Palmer says his Trumpet of Patriots party will deliver “common sense solutions” for Australia.

We worry however, that yet another minor party on the ballot papers will simply dilute the non-major party vote. We suggest that Palmer talk more with the alternatives such as One Nation, Katter Party and Family first and maybe do some deals to maximise the effect of the non-major party vote.

Palmer has already tried and failed to do a $10 million deal with One Nation, in addition to a $500k donation to Pauline Hanson’s defamation fight with WA Senator Mehreen Faruqi. It’s a tough call for a well-established minor party like One Nation to give away its identity.

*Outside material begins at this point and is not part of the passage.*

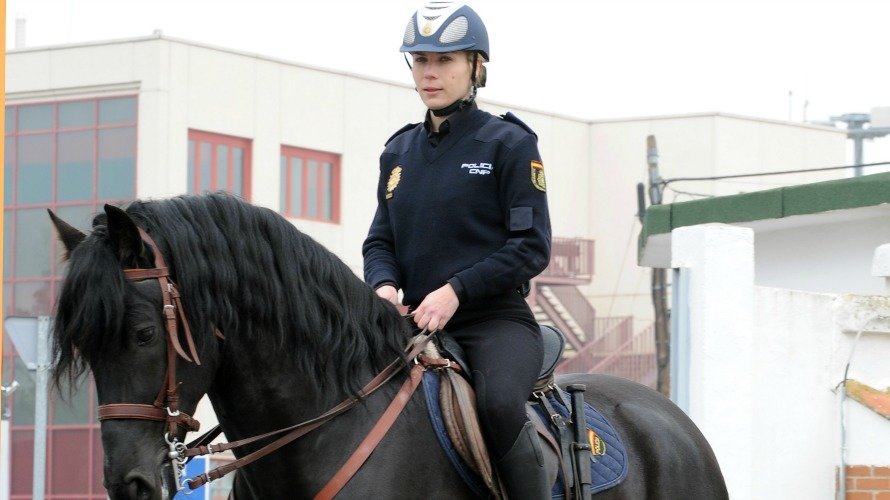 Agente de la Policía Nacional para celebrar el Día Internacional de ma Mujer.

Running yet another minor party is also a tough call in a political system rigged towards the major parties, with the Greens and Teals dominating inner-city electorates and directing preferences mostly towards Labor. Perhaps the focus need to be on the Senate, to return Malcolm Roberts and Gerard Rennick plus two or three other like-minded individuals.

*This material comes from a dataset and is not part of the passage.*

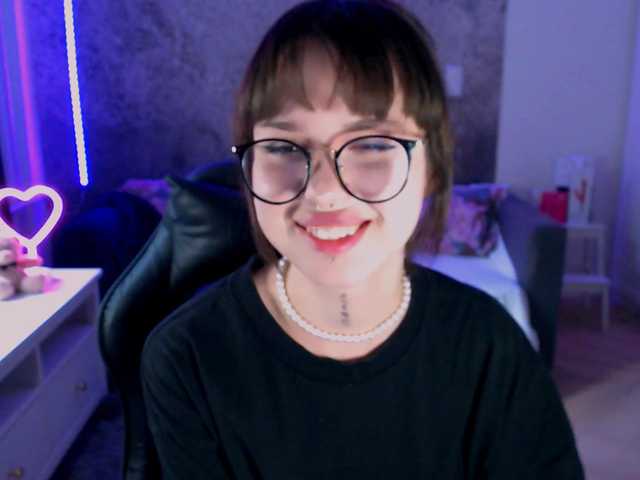 NonaWhyNot live cam on BongaCams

Palmer announced on Wednesday that he had joined Trumpet of Patriots which was reportedly first registered with the AEC in 2011, after his attempts to re-register the United Australia Party in time for the upcoming federal election failed.

Palmer told Paul Murray of Sky News that the driving force for his new political endeavour was seeing President Trump’s “tremendous victory” in the United States, as well as revelations from Elon Musk’s review into government expenditure.

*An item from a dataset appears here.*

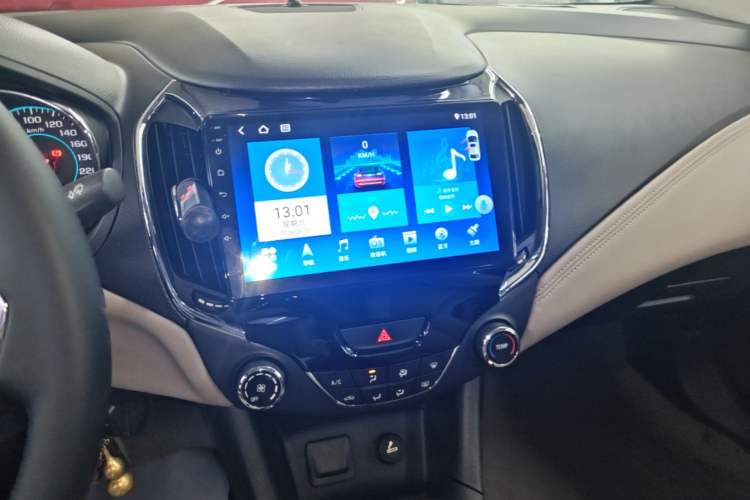 Used Chevrolet Cruze 2015 1.5L Automatic Luxury Edition Audio And AC Panel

Great sentiment, we say, but one that Uniparty leaders Albanese and Dutton would see as terribly distasteful. Oh sure, Dutton will do some cuts, but he and his handlers basically want “the system” to remain intact.

Mr Palmer says the nearly four trillion dollars of government expenditure being wasted in the US every year, is reflected in in Australia too. “We’ve got to change this country and we’ve got to cut back on government expense.”

Palmer also has personally experienced sabotage by the entrenched green-indigenous lobby as represented by the dizzy-headed inner-Sydney MP Tanya Plibersek, who in 2023 as Environment Minister blocked his proposed new Central Queensland Coal Mine based on bogus claims that it would damage the Great Barrier Reef and groundwater. The proposed mine site in the Galilee Basin is more than 480km from the coast.

Palmer suggests cuts to foreign aid program in order to boost spending on welfare programs, stating there are 3.7 million Australian households struggling with food security, and the government needed to “make sure we can feed all of those people”.

“It’s a real disgrace that the government’s given 600 million dollars to the PNG government to have a football team yet we’ve got hungry Australians. You know Albo only gives one million dollars a year to Food Bank for food relief. That’s just inadequate,” he said.

Palmer says there needs to be a review of spending and experts with experience in government need to be appointed to figure out how things could be run “better and cheaper”.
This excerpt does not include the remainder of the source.